EDUCATOR'S PRIMER: Background Information The history of Poland and the relationship between Jewish and non-Jewish people who lived there is complex. Poland was annexed by different countries at different times -- four times by Russia alone between 1772 and 1815. Consequently, each region of the country developed at different paces and in different ways, and the history of the Jewish people, and their relationship to the non-Jewish people, varied from region to region and from partition to partition in Poland.
Jews moved to Poland for many reasons. Some came after being stripped of their assets and expelled from the countries of western Europe; namely England in 1290, France in 1306 and Spain in 1492. At times, Jews were actually welcomed in by the Polish government to establish new industries as part of an effort to improve the Polish economy. There were times from the late twelfth century to the end of the fourteenth century, when Jews enjoyed many of the same rights as other citizens, such as land ownership and involvement in commerce, which had been previously denied.
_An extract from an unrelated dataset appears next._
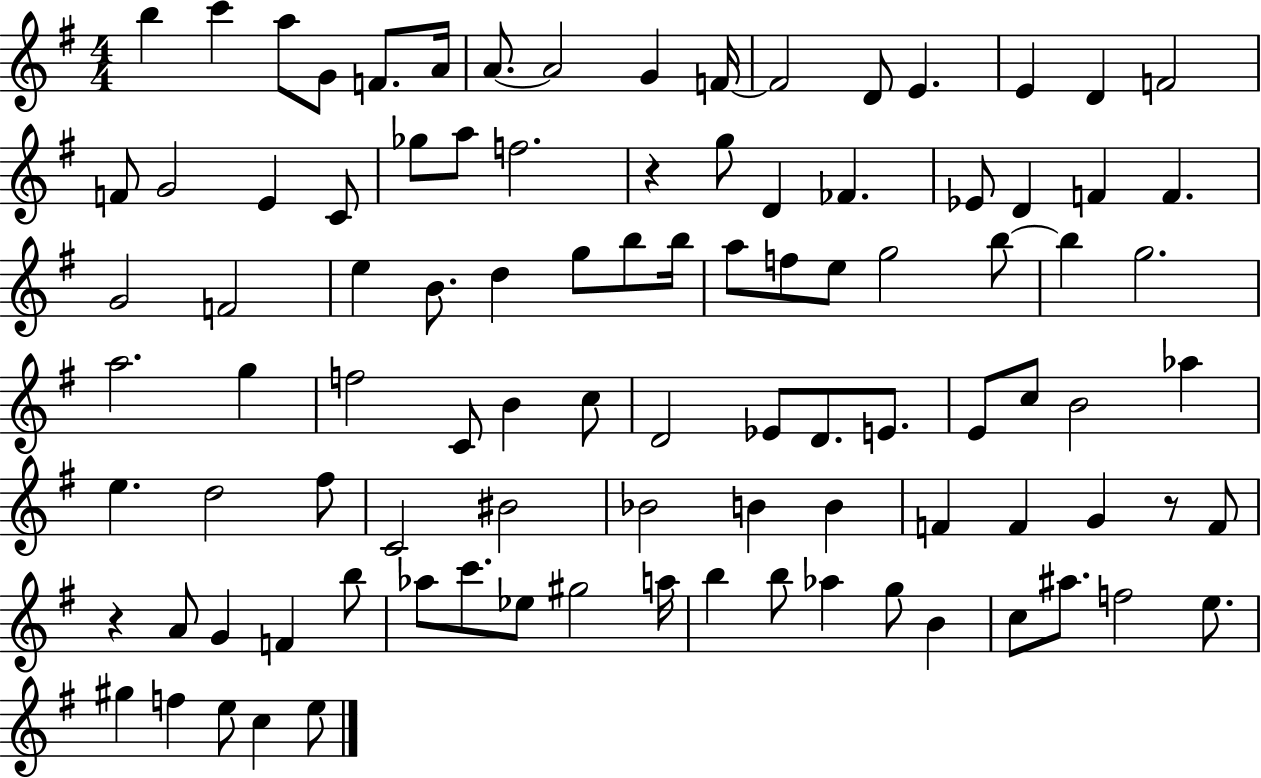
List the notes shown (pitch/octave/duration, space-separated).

However, as the fourteenth century drew to a close, persecution of Jews in Poland began. From anti-Jewish riots to the creation of enforced ghetto life, Jews became targets of violence and discrimination.
Changes came again when over a million Polish and Lithuanian Jews were incorporated under Russian rule as a result of Russia's westward expansion. These included several thousand Jews who were expelled from Russia in 1727 and 1747 and who had fled to Poland for safety. Geographic restrictions tightened even further in the late 1700s when Jews were confined to living in the Pale of Settlement in Russia, a designated area in which Russian Jews were forced to live as stated in laws of 1795 and 1835. By 1897, more than five million Jews were living in the Pale.
Following World War 1, the three partitioning powers of Poland---Prussia (later Germany), Austria-Hungary, and Russia --- collapsed, yet, it took years for Poland to be reestablished as an independent country. Democracy for this new country did not last long. After only three years, the government took a shift towards authoritarian rule in 1923.
Hitler's rule of the German Empire from 1933 until his death in 1945 did not bode well for the Jewish people. His plan to rebuild Germany by exterminating Jews and promoting the theory of racial purity through an Aryan race would be at the expense of the entire world community. Germany's invasion of Poland in 1939 was a death knell for many Polish people, but especially for the Jews. Of the approximately 3.25 million Jews living in Poland, less than 300,000 would survive. Today, the Jewish population in Poland numbers less than three thousand.
Issues of power, inclusion and exclusion have been played out continually throughout the history of Poland. We can all learn from looking at this country, its people and the plight of the Jews who lived there.